What is in this article?:
Industry experts offer these tips for evaluating biologicals:
- They are used in conjunction with other products; don’t expect them to be a silver bullet.
- Work with science-based companies with good product data and information about mode of action. Watch out for unregistered microbial cocktail mixtures called growth enhancers.
- Using a biological successfully can require personal research.
- Remember, biologicals are living organisms and many environmental factors can impact them. The predictability of these products is increasing, but in some cases, more work is needed for good regional use recommendations.

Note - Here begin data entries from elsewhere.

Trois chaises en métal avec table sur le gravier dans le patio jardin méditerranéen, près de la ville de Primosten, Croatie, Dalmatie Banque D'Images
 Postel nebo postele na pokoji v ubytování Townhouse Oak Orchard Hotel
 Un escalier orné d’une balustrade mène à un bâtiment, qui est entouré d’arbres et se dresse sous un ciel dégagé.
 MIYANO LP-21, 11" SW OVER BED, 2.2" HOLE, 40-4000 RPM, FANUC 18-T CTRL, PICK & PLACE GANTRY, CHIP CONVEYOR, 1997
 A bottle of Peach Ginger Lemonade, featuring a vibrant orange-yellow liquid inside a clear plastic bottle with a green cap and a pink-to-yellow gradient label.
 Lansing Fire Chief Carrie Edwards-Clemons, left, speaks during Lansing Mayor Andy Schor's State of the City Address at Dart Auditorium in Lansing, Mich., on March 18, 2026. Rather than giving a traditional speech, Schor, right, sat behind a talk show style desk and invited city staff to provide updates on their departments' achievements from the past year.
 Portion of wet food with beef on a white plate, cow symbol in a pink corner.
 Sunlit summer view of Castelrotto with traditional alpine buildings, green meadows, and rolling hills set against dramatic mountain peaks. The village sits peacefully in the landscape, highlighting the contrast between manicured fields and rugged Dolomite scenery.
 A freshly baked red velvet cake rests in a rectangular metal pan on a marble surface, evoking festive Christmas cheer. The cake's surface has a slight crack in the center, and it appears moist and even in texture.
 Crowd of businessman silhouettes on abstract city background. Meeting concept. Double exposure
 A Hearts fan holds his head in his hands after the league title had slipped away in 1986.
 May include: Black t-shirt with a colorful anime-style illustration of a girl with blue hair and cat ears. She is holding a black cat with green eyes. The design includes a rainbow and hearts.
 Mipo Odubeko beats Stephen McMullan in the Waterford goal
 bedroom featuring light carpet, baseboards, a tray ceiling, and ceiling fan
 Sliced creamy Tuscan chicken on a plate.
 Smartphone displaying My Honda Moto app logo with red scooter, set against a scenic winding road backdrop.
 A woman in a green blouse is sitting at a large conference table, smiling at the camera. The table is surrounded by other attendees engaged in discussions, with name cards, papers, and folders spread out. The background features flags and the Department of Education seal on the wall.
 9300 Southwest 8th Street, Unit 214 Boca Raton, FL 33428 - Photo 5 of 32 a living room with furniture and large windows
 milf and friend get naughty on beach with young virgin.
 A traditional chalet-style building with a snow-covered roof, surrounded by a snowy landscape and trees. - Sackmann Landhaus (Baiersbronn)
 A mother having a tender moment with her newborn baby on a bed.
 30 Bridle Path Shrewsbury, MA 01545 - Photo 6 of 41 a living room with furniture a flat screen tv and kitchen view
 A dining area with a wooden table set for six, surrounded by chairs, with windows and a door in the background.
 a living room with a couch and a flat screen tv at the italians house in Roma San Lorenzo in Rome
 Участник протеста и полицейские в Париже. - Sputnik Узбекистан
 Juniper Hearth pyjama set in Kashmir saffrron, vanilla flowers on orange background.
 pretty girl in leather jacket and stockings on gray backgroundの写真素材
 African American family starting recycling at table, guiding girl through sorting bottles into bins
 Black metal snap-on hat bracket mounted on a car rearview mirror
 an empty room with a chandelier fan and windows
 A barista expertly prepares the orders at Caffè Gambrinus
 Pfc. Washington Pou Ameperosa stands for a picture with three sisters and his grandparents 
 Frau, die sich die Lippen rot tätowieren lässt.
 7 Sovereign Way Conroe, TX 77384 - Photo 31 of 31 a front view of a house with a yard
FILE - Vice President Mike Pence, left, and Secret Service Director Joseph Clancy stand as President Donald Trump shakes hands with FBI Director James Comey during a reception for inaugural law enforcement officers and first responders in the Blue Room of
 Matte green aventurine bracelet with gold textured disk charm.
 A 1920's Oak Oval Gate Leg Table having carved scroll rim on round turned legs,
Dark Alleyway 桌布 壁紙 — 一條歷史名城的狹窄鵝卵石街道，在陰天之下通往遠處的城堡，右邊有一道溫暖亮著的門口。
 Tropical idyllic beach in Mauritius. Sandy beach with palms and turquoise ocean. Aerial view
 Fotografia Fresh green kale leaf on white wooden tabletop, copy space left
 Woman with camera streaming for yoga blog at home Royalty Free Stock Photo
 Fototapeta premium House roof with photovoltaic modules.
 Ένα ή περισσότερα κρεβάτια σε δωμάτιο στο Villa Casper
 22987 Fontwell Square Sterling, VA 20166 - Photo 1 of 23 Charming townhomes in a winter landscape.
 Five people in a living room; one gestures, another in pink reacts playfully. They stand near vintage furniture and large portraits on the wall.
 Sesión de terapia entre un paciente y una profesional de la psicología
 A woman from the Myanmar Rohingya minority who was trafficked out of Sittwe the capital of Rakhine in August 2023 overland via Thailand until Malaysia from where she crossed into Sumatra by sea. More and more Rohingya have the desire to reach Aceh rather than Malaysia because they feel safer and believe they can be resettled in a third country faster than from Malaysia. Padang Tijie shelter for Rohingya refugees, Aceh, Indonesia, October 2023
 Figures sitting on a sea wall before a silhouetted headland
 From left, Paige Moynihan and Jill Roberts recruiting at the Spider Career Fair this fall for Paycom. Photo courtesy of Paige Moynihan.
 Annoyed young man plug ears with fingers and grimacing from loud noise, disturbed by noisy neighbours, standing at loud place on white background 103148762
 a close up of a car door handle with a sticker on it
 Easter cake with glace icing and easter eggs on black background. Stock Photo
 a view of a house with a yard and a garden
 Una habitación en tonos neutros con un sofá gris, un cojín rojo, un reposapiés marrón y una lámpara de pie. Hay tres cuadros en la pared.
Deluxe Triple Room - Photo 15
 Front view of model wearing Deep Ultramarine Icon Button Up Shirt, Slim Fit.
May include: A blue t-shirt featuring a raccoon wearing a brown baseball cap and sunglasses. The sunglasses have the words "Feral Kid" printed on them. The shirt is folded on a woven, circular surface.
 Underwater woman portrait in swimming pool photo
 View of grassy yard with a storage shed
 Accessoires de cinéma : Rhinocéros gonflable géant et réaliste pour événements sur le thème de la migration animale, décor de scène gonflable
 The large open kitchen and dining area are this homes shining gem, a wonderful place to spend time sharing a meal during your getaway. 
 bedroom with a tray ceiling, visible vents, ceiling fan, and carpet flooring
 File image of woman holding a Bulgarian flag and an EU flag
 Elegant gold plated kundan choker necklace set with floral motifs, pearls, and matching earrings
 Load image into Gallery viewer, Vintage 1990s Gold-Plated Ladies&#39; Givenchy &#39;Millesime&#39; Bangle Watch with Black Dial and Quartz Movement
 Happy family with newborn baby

More credibility and capital
For years, enhanced growth like Landis reports was the common claim made for biologicals. However, public and private researchers often failed to substantiate the claims, resulting in suggestions that such products were “snake oil.” In recent years, new-generation biologicals have proven themselves as yield enhancers and biopesticides and sometimes both. In particular, they’ve been successful when combined with synthetic chemicals, such as nematode control in the seed treatment package Poncho/Votivo.
Proof of these successes has been the rapid and aggressive acquisitions of leading biological firms by major agricultural chemical companies, like the recent acquisitions of AgraQuest (biopesticide and bioyield enhancers) by Bayer CropScience, Becker Underwood (inoculants) by BASF Crop Protection and Pasteuria Bioscience (nematode control) and Devgen (biological disease inhibitor technology) by Syngenta Crop Protection. Monsanto recently announced a $29-million investment in a biological pesticide venture, and multiple other partnerships among independents and the majors are in play.
The shift in thinking didn’t come easily, suggests Pam Marrone, who founded AgraQuest in 1995 and more recently Marrone Bio Innovations. She recalls the difficulty of introducing biologicals in the 1990s. “When we started, growers didn’t want to talk to us about biologicals, and distributors weren’t interested. When public researchers tested them, they did it wrong, often stand-alone against the best cocktail of chemistries, and then said that they didn’t work.”
There are a number of factors that can inhibit biologicals, adds Matt Kowalski, president, Natural Industries, maker of biological fungicides for high-value crop segments. “We found that researchers were testing our Streptomycesproduct Actinovate AG with chlorinated water. As little as 1 ppm can kill everything. Some organisms are sensitive to other factors such as pH or temperature extremes. Living products can be affected by the environment.”
Kowalski suggests that initial grower acceptance of biologicals also was limited by a lack of knowledge about how they work, as well as some unrealistic expectations. “Some companies oversold their products,” he says. “Biologicals are not a cure-all in every situation.”